Marynary · 09/07/2016 19:50

I think if it is over the phone, it is a bit different and fine to record. I always do it if making a complaint about something for example.

NeedsAsockamnesty · 09/07/2016 21:38

All of those who think it's decietful or shows such a dreadful lack of trust.

Do you think your clients who may not even know you actually trust you? Even half of them?

If you do you are kidding yourself.

If you have some form of power or control over them and they are at a disadvantage it is unlikely that they do not know they are at a disadvantage and that you have power.

Chances are that as soon as they know you are coming they are freaking out, they are on forums asking advice usually on if they can covertly record you or how to talk with you in a way that is clear and you can't twist to fit any agenda some of them are phoning legal advisors or charitable support services to find out what they can expect and what you can and can't do, they are asking other people if they know you and if you are ok. Trust is usually the last thing on their minds.

You have an expectation that is sanctioned by the virtue of your employment that they trust you they have little to no choice this is a clear expectation upon them. They have no equal expectation of trust placed on them from you. You do not have to trust them so they cannot breach your trust you can only breach theirs.

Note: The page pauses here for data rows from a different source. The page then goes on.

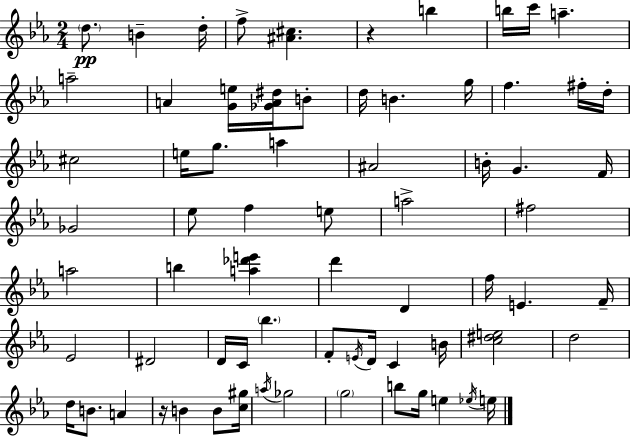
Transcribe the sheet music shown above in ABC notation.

X:1
T:Untitled
M:2/4
L:1/4
K:Cm
d/2 B d/4 f/2 [^A^c] z b b/4 c'/4 a a2 A [Ge]/4 [_GA^d]/4 B/2 d/4 B g/4 f ^f/4 d/4 ^c2 e/4 g/2 a ^A2 B/4 G F/4 _G2 _e/2 f e/2 a2 ^f2 a2 b [a_d'e'] d' D f/4 E F/4 _E2 ^D2 D/4 C/4 _b F/2 E/4 D/4 C B/4 [c^de]2 d2 d/4 B/2 A z/4 B B/2 [c^g]/4 a/4 _g2 g2 b/2 g/4 e _e/4 e/4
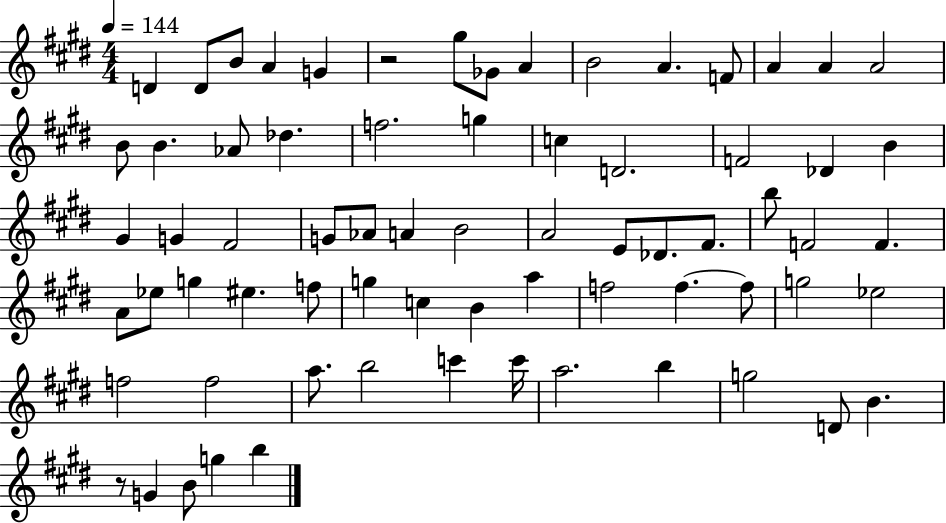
D4/q D4/e B4/e A4/q G4/q R/h G#5/e Gb4/e A4/q B4/h A4/q. F4/e A4/q A4/q A4/h B4/e B4/q. Ab4/e Db5/q. F5/h. G5/q C5/q D4/h. F4/h Db4/q B4/q G#4/q G4/q F#4/h G4/e Ab4/e A4/q B4/h A4/h E4/e Db4/e. F#4/e. B5/e F4/h F4/q. A4/e Eb5/e G5/q EIS5/q. F5/e G5/q C5/q B4/q A5/q F5/h F5/q. F5/e G5/h Eb5/h F5/h F5/h A5/e. B5/h C6/q C6/s A5/h. B5/q G5/h D4/e B4/q. R/e G4/q B4/e G5/q B5/q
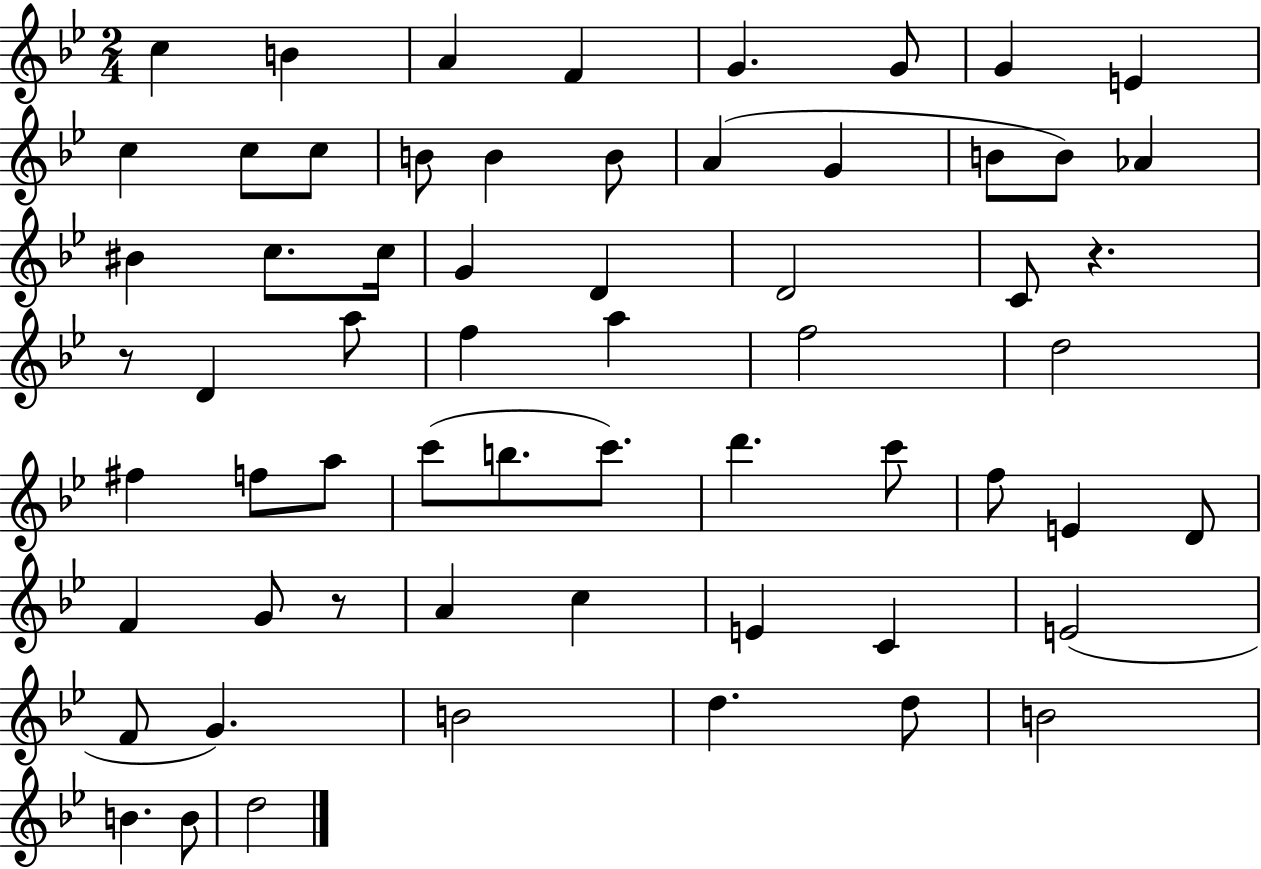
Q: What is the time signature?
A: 2/4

You may if you are very good at your job inspire trust from them after they have met you but at no time during your contact with them does the power imbalence change and at no time does the trust dynamic change.

What often tends to happen is the stress of the nature of the meeting combined with they way professionals tend to comunicate with service users result in you walking away to write your notes up and the family has no idea what you said really meant and they only find out months down the line when they get given the notes (that tend to send them into another scurry of panic) or they do a SAR and see them. Often these notes to them have little to no connection with the meeting from their perspective.

You may end up with a open request to comunicate the majority of your stuff that cannot be done face to face by email or they may attempt to engineer It by other methods such as emailing you with things like further to our meeting at x time I would like to clarify that xyz was discussed and xyz was agreed.

Sadly this is often viewed by the professional as tiresome or extra work or they just plain don't like putting things in writing so you don't bother. in reality it should be viewed as your failing because it means you have not been transparent you have not been clear, your meeting to the service user has not been the same as your notes and you have not managed a hugely important part of your job that being inspiring trust and by doing so you broke their trust the trust that they are obliged to place in you sometimes for the highest stakes you can think of.

fusionconfusion · 09/07/2016 22:51

You need an advocate.

I didn't record but I did have that same experience of being told I was "shouting and screaming" when I was speaking in an absolutely level tone of voice.

I took a complaint and it took nearly nine months but ultimately I got a 32 page letter of apology. Now, five years on, I feel it was a monumental waste of everyone's time to get involved with it. It was deeply painful to be treated so poorly but the best I can advise is to seek support elsewhere if AT ALL possible and just pick your battles. Some of them are definitely not good ones... but it probably isn't worth your time or energy to engage with it.

fusionconfusion · 09/07/2016 22:53

"Often these notes to them have little to no connection with the meeting from their perspective."

And this. Unfortunately (and I say this as one, long pre-dating my mental health difficulties) HCPs are often very, very poor at correctly reporting their own biases and actions accurately and without prejudice and frequently massively overinterpret minor aspects of service user interactions.

grannytomine · 09/07/2016 23:15

When the police record an interview they do it on a machine that makes two copies, one for the person being interviewed and one for the police. This seems reasonable as no one can tamper with the recording, I mean edit it.